Statistical hypotheses often determine the choice of statistical model but don't necessarily cleanly map onto the scientific question that was intended.
I think he means more than that (the statement above is usually used in the context of effect size): he means that 'statistical hypotheses' are really more like 'predictions' in the Scientific Method sense, i.e. they reflect a specific concrete quantitative outcome or relationship, which doesn't (usually) map 1:1 onto a real hypothesis (which describes some process happening in the world).
6) McElreath writes about the "probablistic nature of evidence". Does this comport with your field and understanding of scientific evidence? Are there certain fields that gravitate toward Bayesian inference because of this?

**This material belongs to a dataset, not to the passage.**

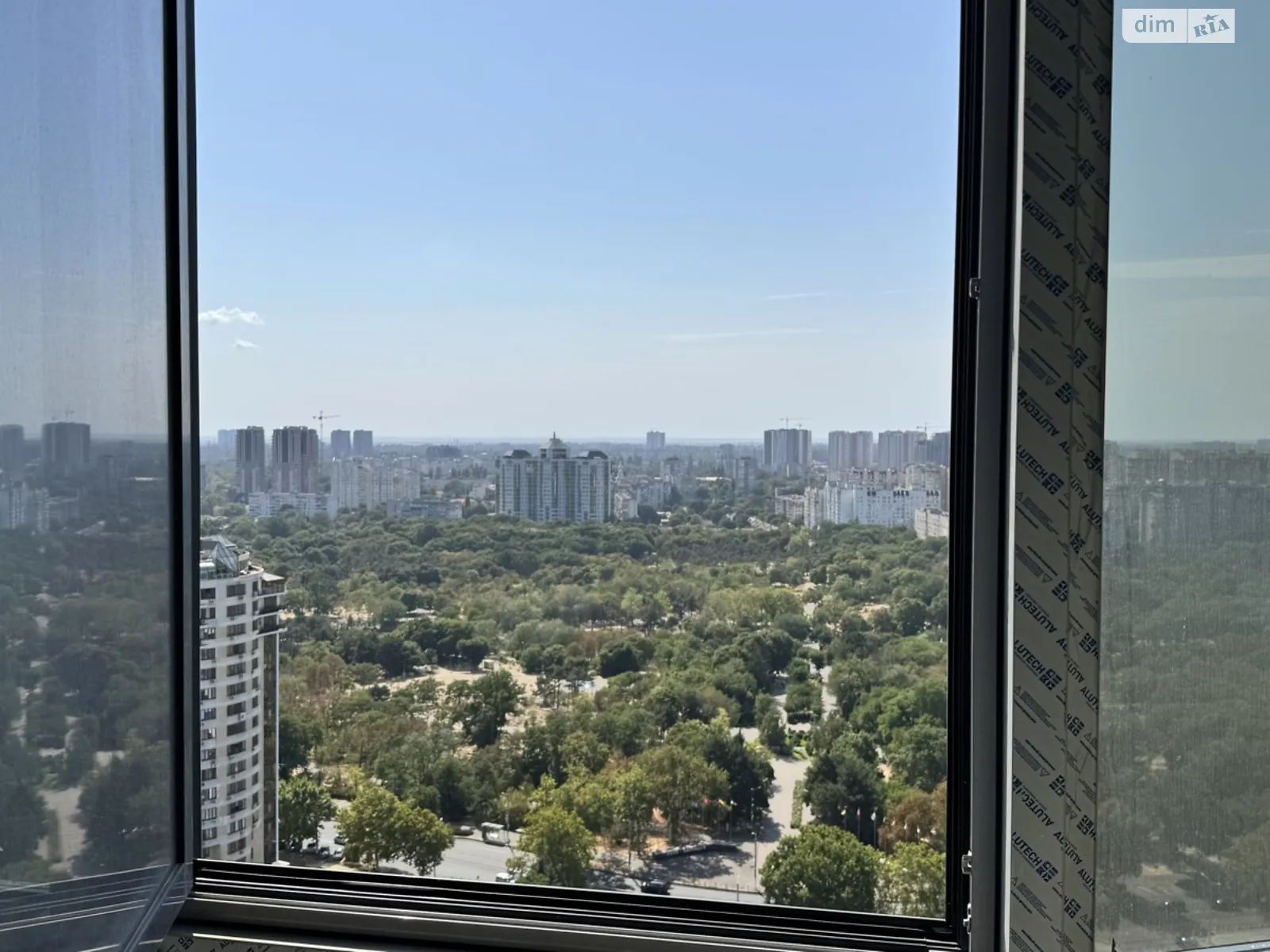 Продается 1-комнатная квартира 67 кв. м в Одессе, просп. Шевченко, 29/1 - фото 1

> First, observations are prone to error, especially at the boundaries of scientific knowledge. --> I think it is important to recognize that in the complex sciences (everything not physics), all observations and measurements have *incredible* levels of 'noise', which is not strictly measurement error but just the millions of unknown and unknowable processes and factors that affect outcomes (that are unrelated to the question being asked). (This is not about being at the boundaries of knowledge) I *really* recommend Joanna Masel's public lecture on this point: https://drive.google.com/file/d/13LIi9qRBj2IOYrwTyC2EB8jgsY9XhVgJ/view?usp=drive_link
> McElreath's discussion of measurement error is a major issue in my field (evaluation/social sciences broadly) because so many of our measures are drawn from survey tools that have all sorts of potential sources of error (from sampling error to the psychometrics of specific survey tools, etc). We're often building models to analyze datasets with many of these measurement problems
(Anna:) Trying to briefly summarize my point about cutoffs vs not: One approach to evidence is to say 'we just want the best estimate for how much factor A affects X'. This is the typical Bayesian approach and what McElreath favors, and it is certainly relevant in cases where you have a million factors affecting X and a yes-or-no answer isn't necessarily that meaningful (because the answer is usually yes, but not meaningfully so). Another approach to evidence is to say 'we set up an artificial, controlled situation to see whether or not factor A affects X'. In that case effect size is really meaningless, because it won't be the same as 'in nature' (whatever that means). Instead, what we really want there is a big hurdle that prevents people from claiming things like 'I found a cure for X' or 'I found this new process A-X'. This is a situation in which IMHO null-hypothesis-testing is really important, because it gives a non-negotiable result that may contradict what the researcher would like to find and that prevents a 'spin' being put on the results. I put a paper on Slack that argues for example that a dichotomous decision-rule is important.